Die Erinnerung an die gute alte Zeit hängt in Zukunft sicher nicht mehr von einzelnen Konsolen ab. Sie wird nicht mehr auf dem Dachboden liegen, dafür aber jederzeit abrufbar sein. Weniger Zufall, mehr bewusste Entscheidung. Nicht mehr greifbar, aber trotzdem ergreifend.
Story of my life, habe auch seit ein paar Wochen wieder einen Gameboy Advance im Einsatz und habe damit mehr Spaß als mit jeder aktuellen Konsole auf dem Markt. Habe mir Tatsache auch noch diverse Spiele auf eBay bestellt die mir damals entgangen sind :-)

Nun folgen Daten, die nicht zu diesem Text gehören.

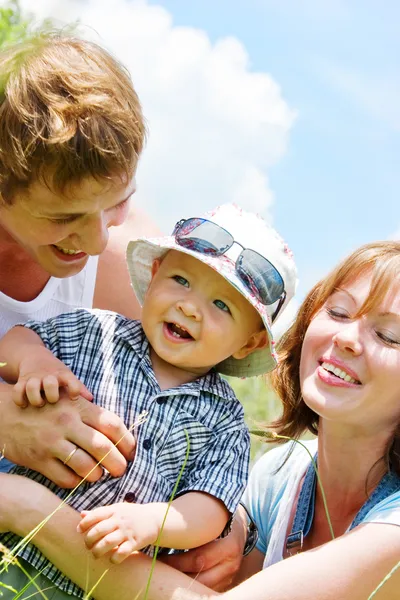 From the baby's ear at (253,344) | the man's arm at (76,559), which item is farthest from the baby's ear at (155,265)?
the man's arm at (76,559)

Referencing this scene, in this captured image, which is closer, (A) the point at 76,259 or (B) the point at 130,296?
(A) the point at 76,259

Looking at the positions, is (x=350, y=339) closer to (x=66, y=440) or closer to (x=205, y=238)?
(x=205, y=238)

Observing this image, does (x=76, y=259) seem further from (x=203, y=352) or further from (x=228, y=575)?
(x=228, y=575)

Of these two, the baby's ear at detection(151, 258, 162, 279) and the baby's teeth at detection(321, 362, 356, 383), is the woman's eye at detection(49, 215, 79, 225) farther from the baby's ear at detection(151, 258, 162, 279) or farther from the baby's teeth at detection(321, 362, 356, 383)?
the baby's teeth at detection(321, 362, 356, 383)

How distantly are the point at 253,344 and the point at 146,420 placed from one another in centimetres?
54

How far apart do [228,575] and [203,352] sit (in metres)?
0.80

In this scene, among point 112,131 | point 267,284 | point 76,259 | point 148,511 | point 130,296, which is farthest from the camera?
point 130,296

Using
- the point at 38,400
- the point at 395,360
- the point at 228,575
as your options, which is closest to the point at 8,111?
the point at 38,400

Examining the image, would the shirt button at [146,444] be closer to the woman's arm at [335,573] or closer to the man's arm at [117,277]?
the woman's arm at [335,573]

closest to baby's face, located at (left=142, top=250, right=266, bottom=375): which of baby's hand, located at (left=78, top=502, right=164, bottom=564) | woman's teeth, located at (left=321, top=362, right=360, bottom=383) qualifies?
woman's teeth, located at (left=321, top=362, right=360, bottom=383)

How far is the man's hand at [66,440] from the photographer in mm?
2641

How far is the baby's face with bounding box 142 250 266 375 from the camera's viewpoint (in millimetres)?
2834

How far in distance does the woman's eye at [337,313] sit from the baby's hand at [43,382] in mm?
970

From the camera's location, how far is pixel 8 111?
278cm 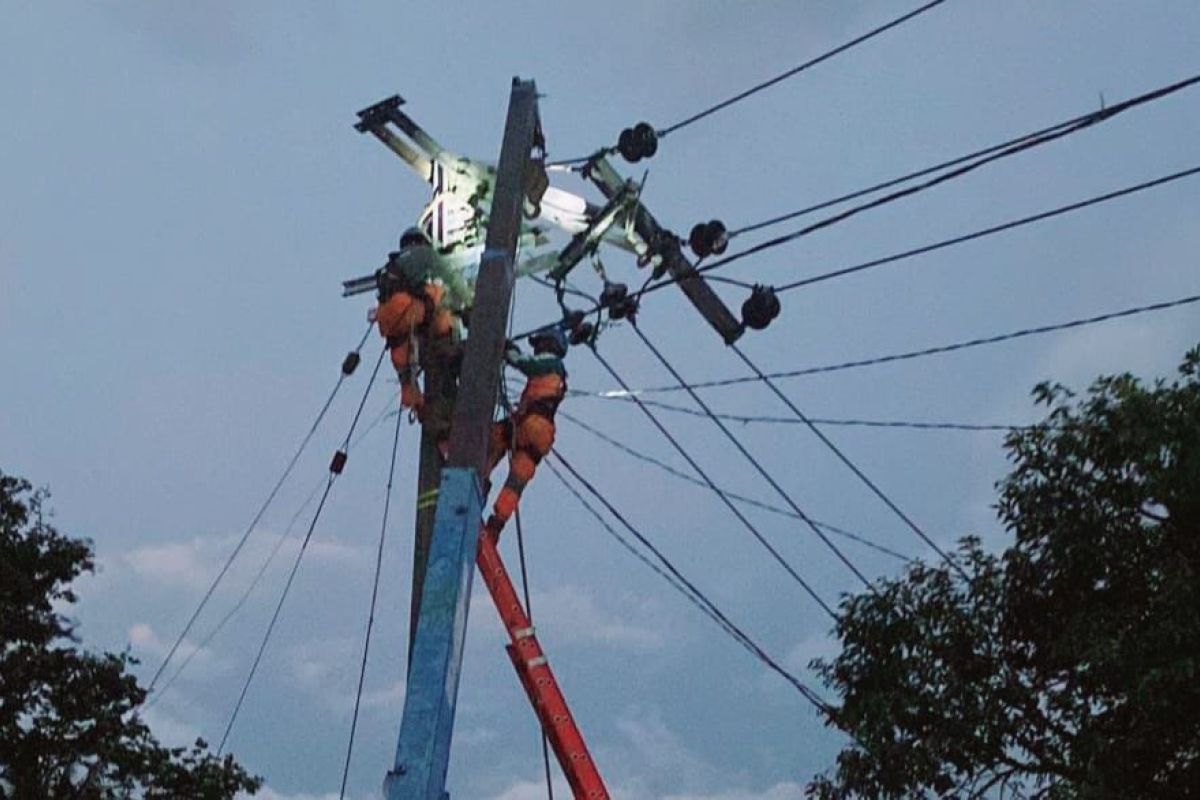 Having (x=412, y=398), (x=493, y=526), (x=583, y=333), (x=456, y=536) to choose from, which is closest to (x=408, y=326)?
(x=412, y=398)

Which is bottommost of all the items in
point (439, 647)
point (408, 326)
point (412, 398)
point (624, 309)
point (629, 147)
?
point (439, 647)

Ich habe seit einiger Zeit eine DosBox mit alter DOS-Software auf meinem Windows-PC installiert. Ich hatte früher einen bernsteinfarbenen Monochrommonitor. Ich bin immer wieder überrascht, wie fotorealistisch manche Spiele dadurch aussehen. Dagegen ist manches Spiel von heute Müll. Viele der damaligen Programme (Ende der 80er) waren schon so weit entwickelt, dass sie bis heute keine Wünsche offen lassen. Ich vermisse diese Zeit.